Carnazza is quick to add that Belgians “drink a lot of coffee,” pointing out that the country “is fifth in the world for per capita coffee consumption per year.” But his café isn’t particularly large – only around 50 square metres – which means there isn’t a lot of room to sit down with a drink. And its location in the European Quarter plays a big role, as well. “Because we’re in a strategic area, a lot of people take a coffee to go. Around 70 percent of our daily coffee drinks sold are take-away.”
While they’ve got food offerings like pastries and a best-selling tiramisu, Carnazza says that 80 to 85 percent of their revenue comes from coffee alone.
Even with the amount of takeaway business they do, he does not see chains like Costa as a big threat. “Our way of doing coffee is very difficult,” he says. “The kind of person that comes to our place for a coffee is looking for quality – for the perfect extraction from a professional barista who can extract the best coffee they can get. It’s about the quality of products, the way we prepare them, and the customer experience.”
Caffelatte’s baristas know many of their clientele by sight and their orders by heart – even when the customers themselves forget. “It’s a totally different target that we have,” Carnazza explains, who says they often get lines so long they struggle to cope with the demand. “We’re more of a specialty store than a commercial one.”
Can competing coffees coexist?
Blendmaster DeMets agrees that there’s room for both the traditional Belgian cafés and the international chains – even if he isn’t the biggest fan of their coffee. “When you go to places like Starbucks, you drink mainly milk-based drinks, with syrup and sugar and ice and cream. Some beverages are more like milkshakes. I never drink my coffee with sugar – you don’t put grenadine in your wine, do you? – but the customer drinks it the way he wants.”
But DeMets admits that the Starbucks and Costa coffees are popular with the younger crowd. “They’re not discovering anything about coffee there, but they’re enjoying themselves,” he says.

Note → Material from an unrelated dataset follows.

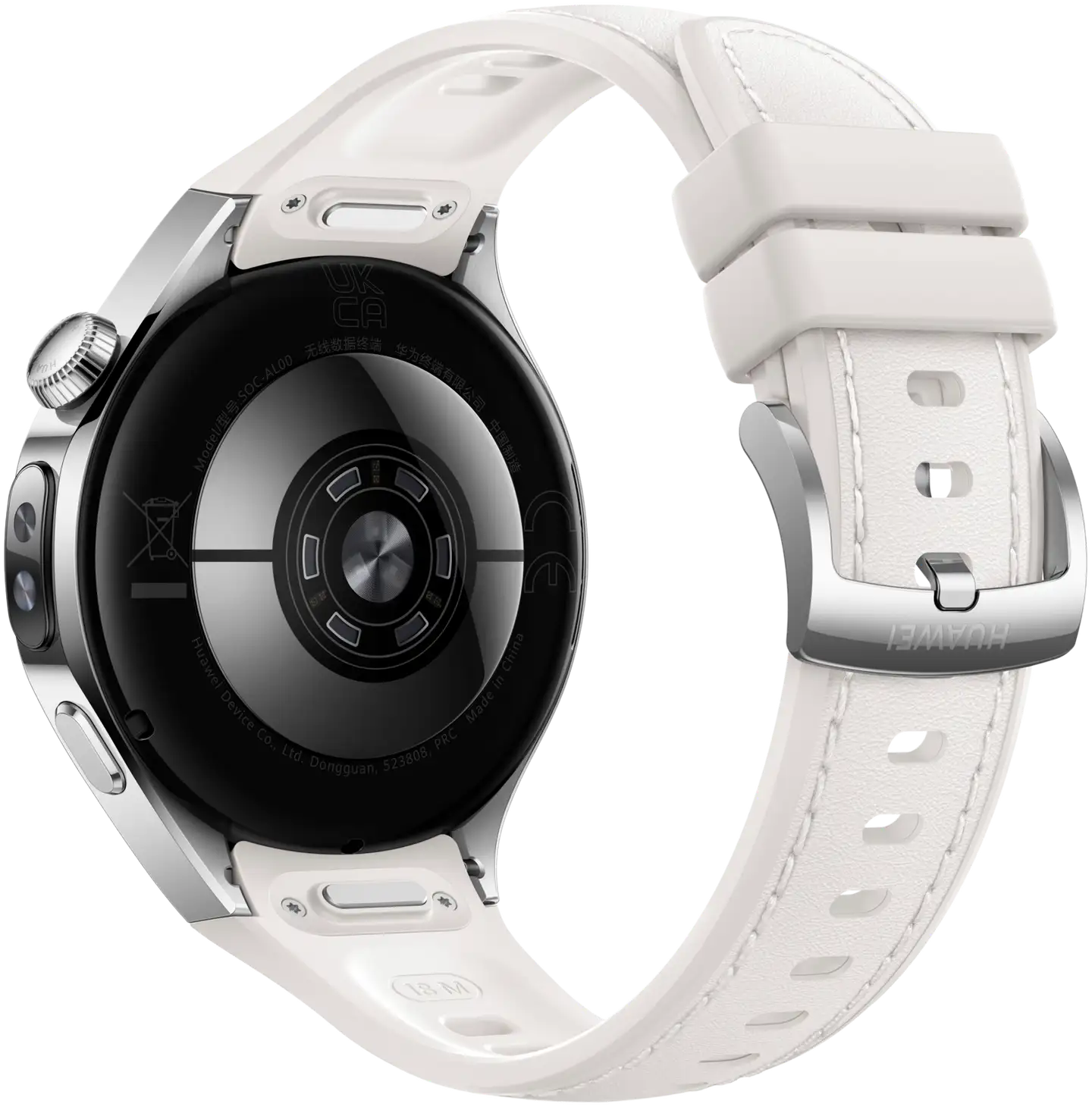 Huawei älykello Watch 5 46 mm valkoinen - 4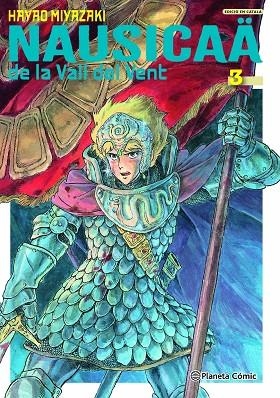 Nausicaa n. 03 (català) | 9791387780432 | Miyazaki, Hayao | Librería Castillón - Comprar libros online Aragón, Barbastro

He calls the premise of international chain coffee stores “extremely clever”: customers can get the same drink in different parts of the world, and have it taste the same, even as the way of drinking coffee differs from one country to the next. “As a roaster, I tell people to stop criticising Starbucks because it’s a clever matter. It’s the McDonald’s of coffee. You can say whatever you want about that, but they’re doing business, and fantastic business at that.”